= Quintus Caecilius Marcellus Dentilianus =

Quintus Caecilius Marcellus Dentilianus was a Roman senator, who held several imperial appointments during the reign of Antoninus Pius. He was suffect consul in an undetermined nundinium around AD 150. He is known entirely from inscriptions.

Dentilianus came from a family of Roman Africa, perhaps originally from Carthage. His father has been identified as Quintus Caecilius Marcellus, praetor around the year 115; although the name of his wife is not known, his son is identified as Quintus Caecilius Dentilianus, consul in 167.

== Life ==
His cursus honorum is known from an inscription set up at Thibiuca, north of Carthage. The earliest office Dentilianus held was in the decemviri stlitibus judicandis, one of the four boards that formed the vigintiviri; membership in one of these four boards was a preliminary and required first step toward a gaining entry into the Roman Senate. Next he was commissioned military tribune with Legio XI Claudia, stationed at Durostorum (modern Silistra) on the lower Danube. He returned to Rome where he assumed the traditional Republican magistracy of quaestor, served in the public province of Africa. Upon completion of this office Dentilianus would be enrolled in the Senate. Two more traditional Republican magistracies followed—plebeian tribune and praetor—both as candidate of the emperor Hadrian. Alföldy dates his tenure as praetor between the years 134 and 138.

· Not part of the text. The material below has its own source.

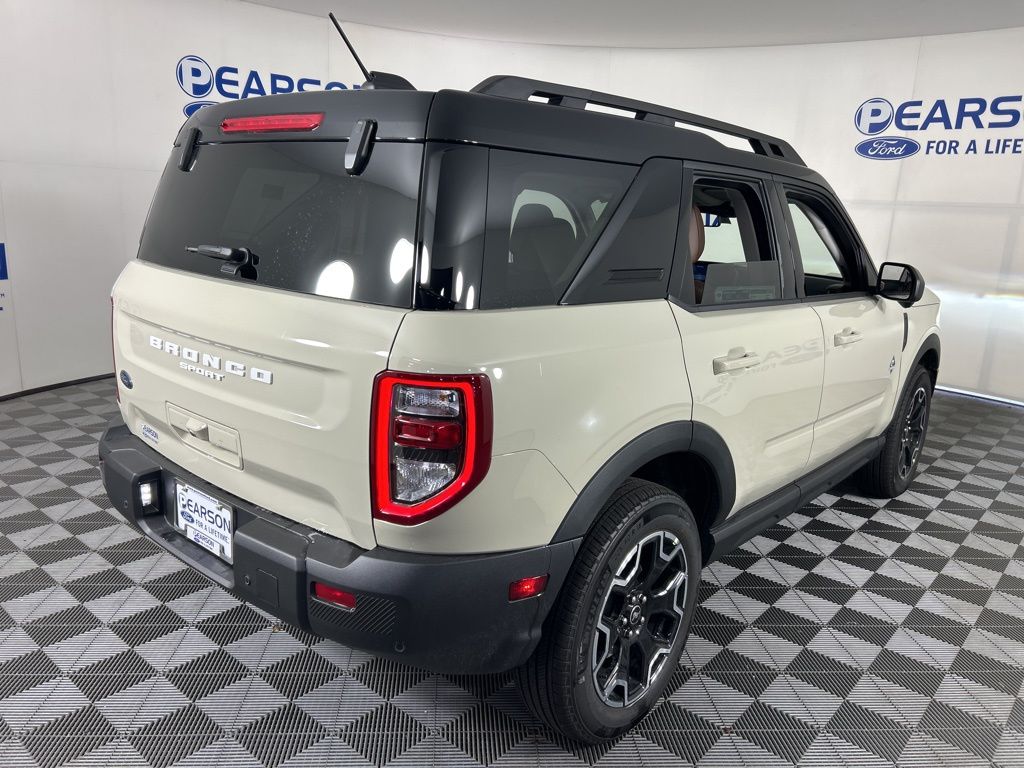 2025 Ford Bronco Sport Outer Banks photo 4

After he completed his term as praetor, Dentilianus served as legatus proconsulis or assistant to governors of two public provinces. The first province was Crete and Cyrenaica; the second was Hispania Baetica. Alföldy dates his tenure in these positions, similar to modern internships and were held at the pleasure of the governors of those provinces, to successive years, c. 136/137 and c. 137/138 respectively. After these postings, the sortition gave Dentilianus the opportunity to govern a province on his own, which was Crete and Cyrenaica. This province was not favored by senators, due to its elements—the island of Crete and Cyrenaica in North Africa—were separated by the Mediterranean Sea, making governing the province more difficult. The date he governed this province lacks a firm date: Alföldy tentatively dates his tenure to the term 139/140, while Werner Eck dates it with less precision to either the last years of Hadrian's reign or the first few of Antoninus Pius. Dentilianus eventually received his first imperial appointment after this, a commission as legatus or commander of Legio XII Fulminata, which was stationed on the Eastern frontier, either in Cappadocia or Armenia; Alföldy dates his tenure in this post from circa 141 to circa 144. This was followed by an appointment as governor of the imperial province of Gallia Aquitania, which Alföldy between the years 146 and 149, or just prior to the time Dentilianus acceded to the consulate, while Eck dates it with less precision again to either the last years of Hadrian's reign or the first few of Antoninus Pius.

We lack details for his life after Dentilianus stepped down from the consulate. Alföldy dates his age when he left the consulate as at least 46; based on our knowledge of demographics of the Roman Empire, Dentilianus could be expected to live about 16 more years, so this silence may be more due to lack of information than he died shortly after his consulate.